Mar 1st, 2009
Mumbai is challenging at times, but Mumbai is great. I was even in my first car wreck last night!
Unfortunately, I’ve only been able to get online at internet cafes which is quite limiting for writing blog entries. Wi-fi doesn’t seem to be very common around here.
Found a Flat
I should, however, have more regular internet access starting on Monday, when I move in to my sparkling apartment in Bandra West, which is apparently the part of town where the Bollywood movie stars live and hang out. Exciting times in the world’s fourth largest urban agglomeration!
Bowels Bested, Weekend Wasted
With any luck, I will also have more regular stools by that point as well! What was that I said in my last post? “Stomach bugs be damned?” The bugs must be reading the blog. Normally proud of my intestinal fortitude, battle tested against Peruvian tap water and street food of all shapes, sizes, price levels, and durations in the sun, I’ve been singing the diarrhea song to myself for the last couple days. You know the one: “When you’re sliding into first and you feel a sudden burst, diarrhea! Diarrhea!” Charming, no? It (the song, that is) reminds me of being in elementary school and singing along with my brother. It also gives creed to Seth Stevenson’s prediction that I would certainly get Delhi Belly while I am here in his 5-part article, Trying Really Hard to Like India. It’s worth your time to read.

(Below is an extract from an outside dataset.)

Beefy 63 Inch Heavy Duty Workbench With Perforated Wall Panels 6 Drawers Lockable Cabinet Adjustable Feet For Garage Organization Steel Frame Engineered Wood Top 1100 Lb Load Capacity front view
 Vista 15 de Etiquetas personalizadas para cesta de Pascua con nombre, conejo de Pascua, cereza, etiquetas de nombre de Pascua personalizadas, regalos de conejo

A less wipeable byproduct of my gastrointestinal grappling and accompanying fever and chills was that I didn’t feel up to going out on either Friday or Saturday night. A pity. Another benefit of traveling slowly: there’s always next weekend.
Additionally, when I was headed back from Bandra in the taxi, bowels and all anxiously awaiting arrival at the hotel in South Mumbai where I have been staying, (it takes about an hour and a half and costs $4.00) we had a car wreck! A big truck just muscled over into our lane and smashed the taxi up against the divider. The driver seemed quite unperturbed by the ordeal. We both saw it coming and we both gave it a “meh” reaction. No words were exchanged between he and I post-accident. I just got a quick glance back from him. He stopped the taxi, the truck kept going without stopping, the people behind him starting honking mercilessly at the thoughtless inconvenience he was causing, and then on we went. We got jolted around a little bit, but the seemingly bullet-proof shit-box taxi amazingly only took cosmetic damage. It kept honking incessantly, belching black smoke like before, and rattling along just fine.
This was actually less stressful than than the verbal assault I received in Hindi from the other taxi driver who got pissed that the only note I had was a 500 Rupee note for a 100 Rupee fare. I could only understand the words “mother choad,” but his facial expression said the rest. While he went to find change, beggar kids came to the windows and tried to sell me books. The first book was the screenplay for Slumdog Millionaire and the second was about Obama. The first wave of kids eventually went away and a heart-breakingly cute 5 or 6 year-old little girl came to the window and attempted a few lines of “Jingle Bells,” followed by some songs in Hindi. She was holding a baby. This is common. It’s rough.